[Record set Boundary: Start]

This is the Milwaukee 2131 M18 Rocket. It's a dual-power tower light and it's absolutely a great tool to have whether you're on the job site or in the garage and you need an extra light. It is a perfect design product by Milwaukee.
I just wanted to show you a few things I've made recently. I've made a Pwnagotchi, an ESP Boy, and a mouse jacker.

[Record set Boundary: End]
[Record set Boundary: Start]

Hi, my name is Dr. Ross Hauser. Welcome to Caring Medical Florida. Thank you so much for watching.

[Record set Boundary: End]

What the task requires
Reproduce word for word the material above, beginning with the line that contains "This is the" and ending with the line that contains "I just wanted".

Result of the exercise
This is the Milwaukee 2131 M18 Rocket. It's a dual-power tower light and it's absolutely a great tool to have whether you're on the job site or in the garage and you need an extra light. It is a perfect design product by Milwaukee.
I just wanted to show you a few things I've made recently. I've made a Pwnagotchi, an ESP Boy, and a mouse jacker.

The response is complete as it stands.